May if be the will of the Almighty, that this Pesach begin a year of personal Redemption from the lusts which enslave us and estrange us from our calling as Jews, and a Redemption for all of the Nation of Israel, freeing our remnants from the Egypts of today, by returning all of our scattered outcasts to our Land.

 

Ancient Egypt was the spiritual and cultural cesspool of the world. Promiscuity, adultery, sexual perversion, witchcraft, and idol worship were the norm. The clutches of temptation and sin were so powerful that no one, in the natural course of events, could shake off the shackles of lust that marked Egyptian life.

The Jews were no exception. After 200 years dwelling in such a polluted, immoral environment, we plummeted to the 49th degree of impurity and would have been immediately destroyed if G-d had not miraculously interfered and rescued us with the utmost haste, speeding our exodus from grip of the evil inclination which infested the land.

Our Sages tell us that we were redeemed from Egypt due to the merit of the two mitzvot (commandments) which G-d commanded us to perform on the eve of our departure - the Paschal sacrifice and the brit milah. Both of these commandments were designed to free us from our spiritual slavery to the lusts of the body, and liberate us to true freedom as servants of G-d. They were the rectification and “tikun” that paved the way to Redemption.

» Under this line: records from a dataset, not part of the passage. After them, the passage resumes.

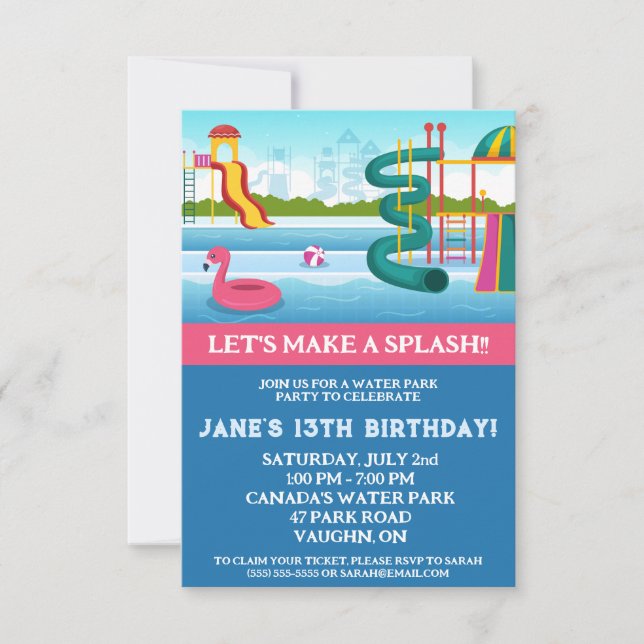 Let's Make a Splash!  Water Park Birthday Party Invitation (Front)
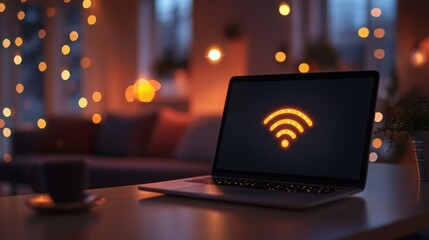 A cozy, dimly lit room features a laptop displaying a Wi-Fi symbol, with warm bokeh lights in the background, creating a relaxing atmosphere.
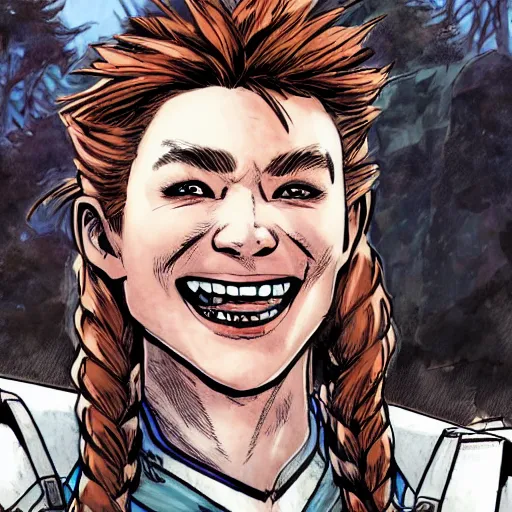 Prompt: portrait of (((((((((laughing))))))))) Aloy from Horizon: Zero Dawn, comic book illustration, by John Kirby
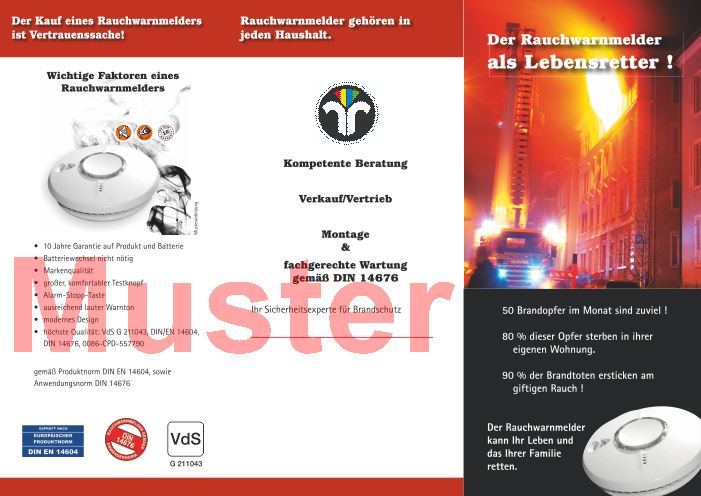 Falz Flyer Rauchwarnmelder Mit Dienstleistungsmarke Ohne Firmeneindruck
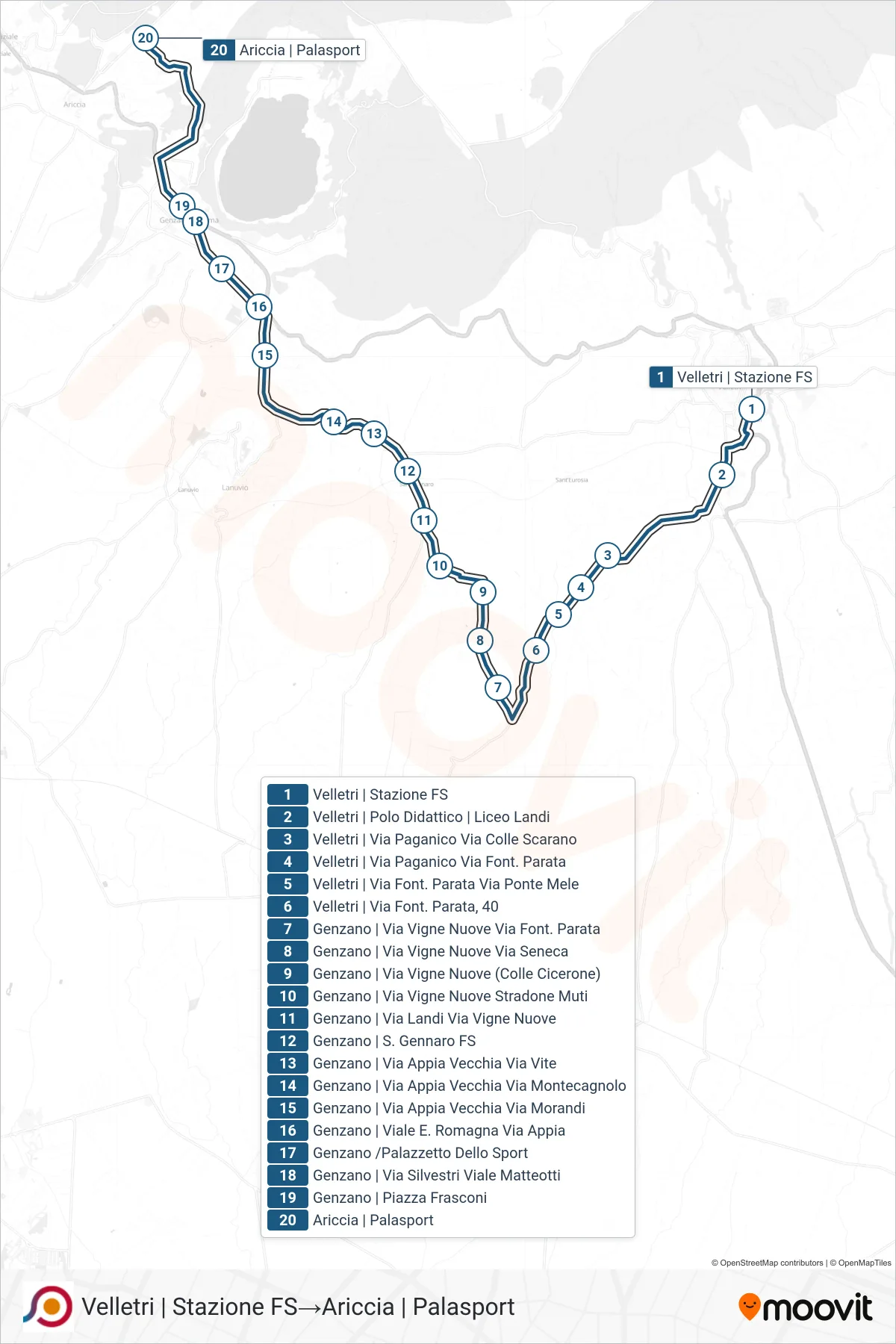 Linea COTRAL bus (Velletri | Stazione FS→Ariccia | Palasport) - Percorsi e fermate sulla mappa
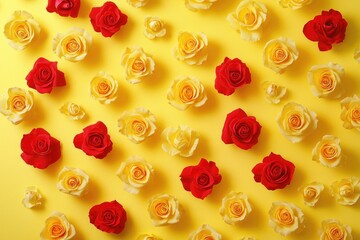 Naklejka premium A bouquet of red and yellow roses against a bright yellow background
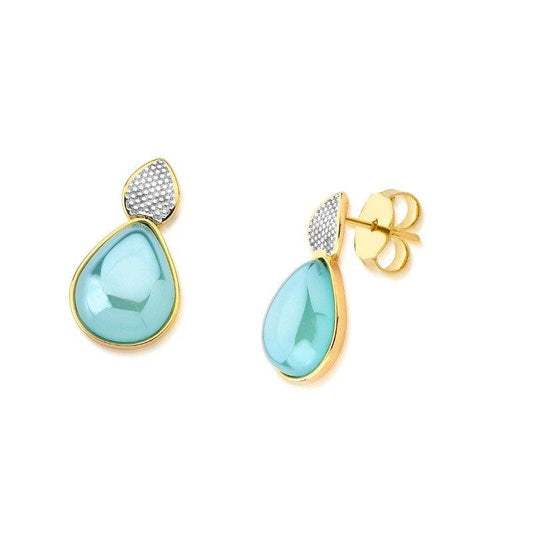 Brinco Possebon Folheado a Ouro e Ródio Branco - Pedra Natural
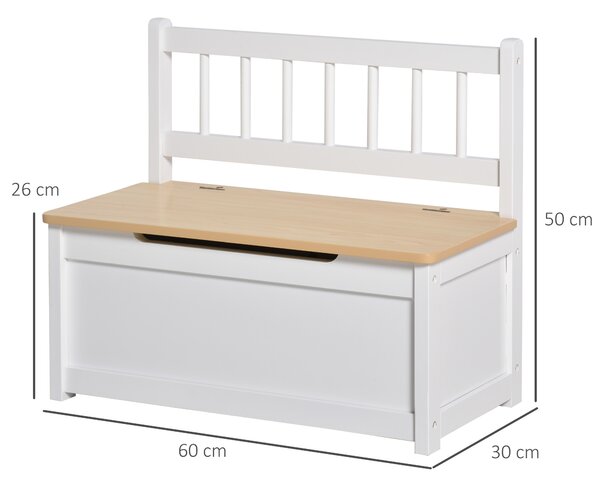 Banca Cutie de Depozitare pentru Copii 2 in 1 din Lemn Mobila camera Copilului Cufar camera 60x30x50cm, Alb/Lemn natural HOMCOM | Aosom Romania
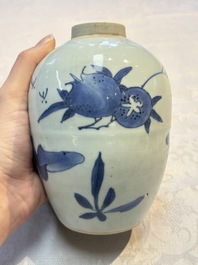 Three Chinese blue and white tea caddies, Chenghua mark, Shunzhi and later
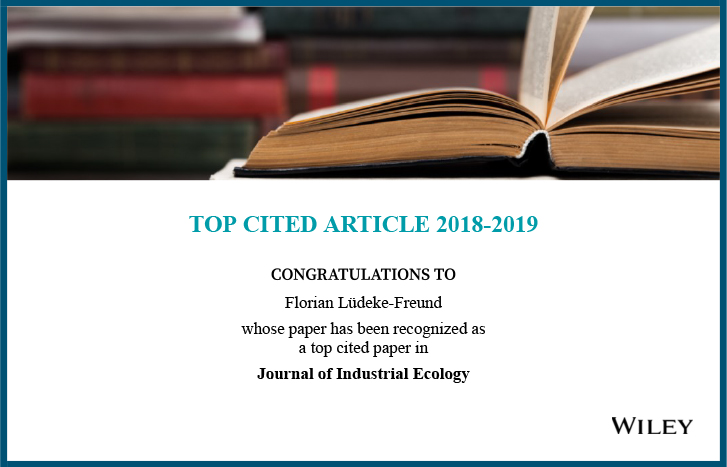 Top Cited Article 2018-2019 - Florian L&uuml;deke-Freund - Journal of Industrial Ecology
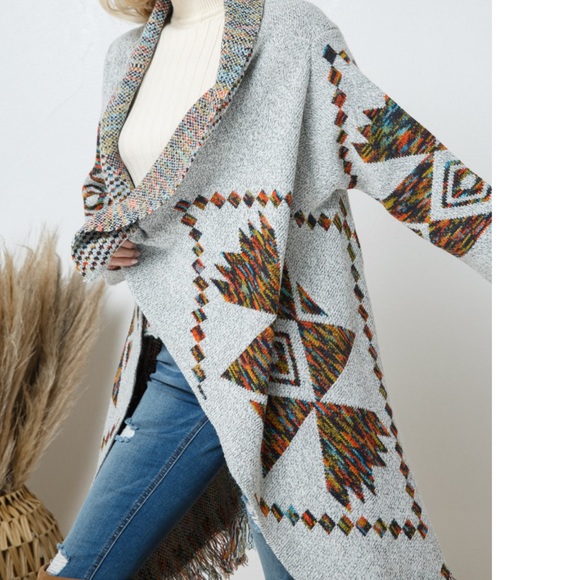 NEW Open Drape Knit Geo Pattern Blanket Cardigan With Fringe - Picture 8 of 10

Among a cornucopia of bestial doings, the Egyptians worshipped the lamb. Among the domestic beasts, sheep are known for their fecundity.  In a similar manner, licentiousness and sexual debauchery were an integral part of this idol worship.

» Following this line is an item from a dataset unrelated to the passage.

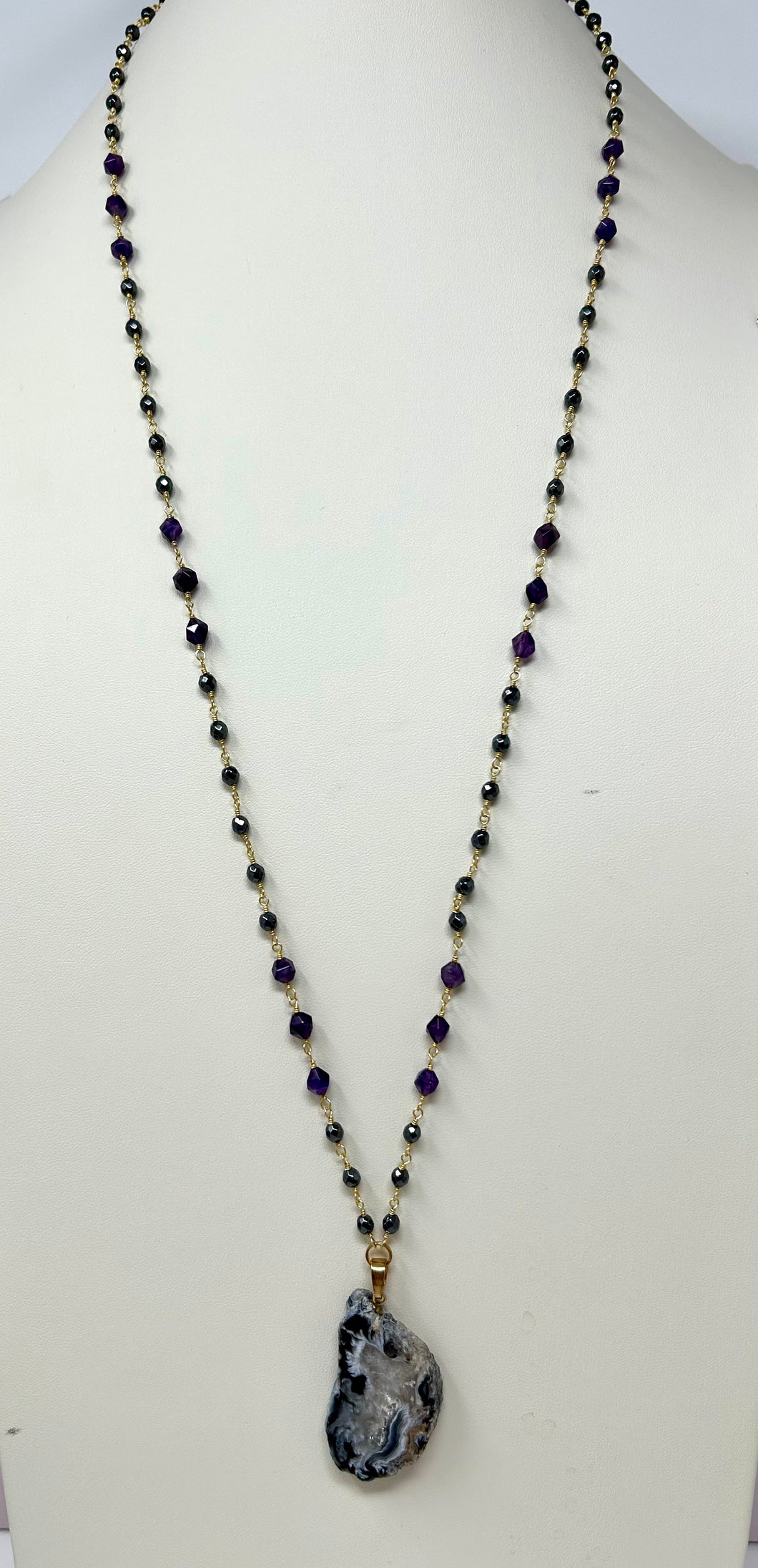 Agate, Amethyst and Hematite Set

In commanding every Jewish household in Egypt to take a lamb, the Egyptians' god, and slaughter it for the Pesach offering, G-d was commanding us to slaughter the physical lusts in ourselves that lead to the perversion of the holy marital union, and to the pollution of the holy, life force of our nation. Interestingly, we were commanded to tie the lambs to our bedposts, not to the door, or the window, or kitchen table, but to our beds, precisely to drive this point into our individual and national psyche, that we are to be a holy people, separated by the purity of our sexual lives from all of the other nations in the world.

This is the very same lesson of the brit milah. Only a man who was circumcised was allowed to partake in eating the Passover lamb. The removal of the foreskin both symbolizes, and physically effects, the removal of the impure physical lusts that accompany the marital union.

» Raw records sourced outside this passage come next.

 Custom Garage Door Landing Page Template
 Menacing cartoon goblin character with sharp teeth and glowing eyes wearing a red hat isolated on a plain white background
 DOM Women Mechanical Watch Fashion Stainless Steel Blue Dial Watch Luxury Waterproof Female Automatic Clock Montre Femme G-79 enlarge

On the eve of our departure from the bondage of Egypt and from our servitude to its debauched and immoral culture, we were called to renew the Brit of our Forefathers, the founding Covenant between G-d and the Jewish People, whereby we safeguard the purity of our sexual lives, symbolized by the brit milah, and G-d, for His part, promises us the Land of Israel as our eternal inheritance. Thus the Zohar teaches that in the merit of the blood of the slaughtered Paschal lamb (the korban Pesach) and the blood of the brit milah, we were redeemed from the spiritual dungeon of Egypt (Zohar, Shemot, 41A).

We see that the commitment to abandon sexual transgression was the key to our redemption from Egypt. This separation from sexual immorality is the essence of the Jewish People, "a nation of priests and a holy nation." Only when we rose above the sordidness and pollution of Egyptian culture could we escape from the chains of its bondage.

So if you want to reach Pesach night with the purity that will allow you to receive the exalted spiritual high of the holiday, now is the time for tikun. Reciting the “Tikun HaKlali” will help you to break free from the bondage of physical lusts and cleanse the blemishes of the past.

May if be the will of the Almighty, that this Pesach begin a year of personal Redemption from the lusts which enslave us and estrange us from our calling as Jews, and a Redemption for all of the Nation of Israel, freeing our remnants from the Egypts of today by returning all of our scattered outcasts to our Land.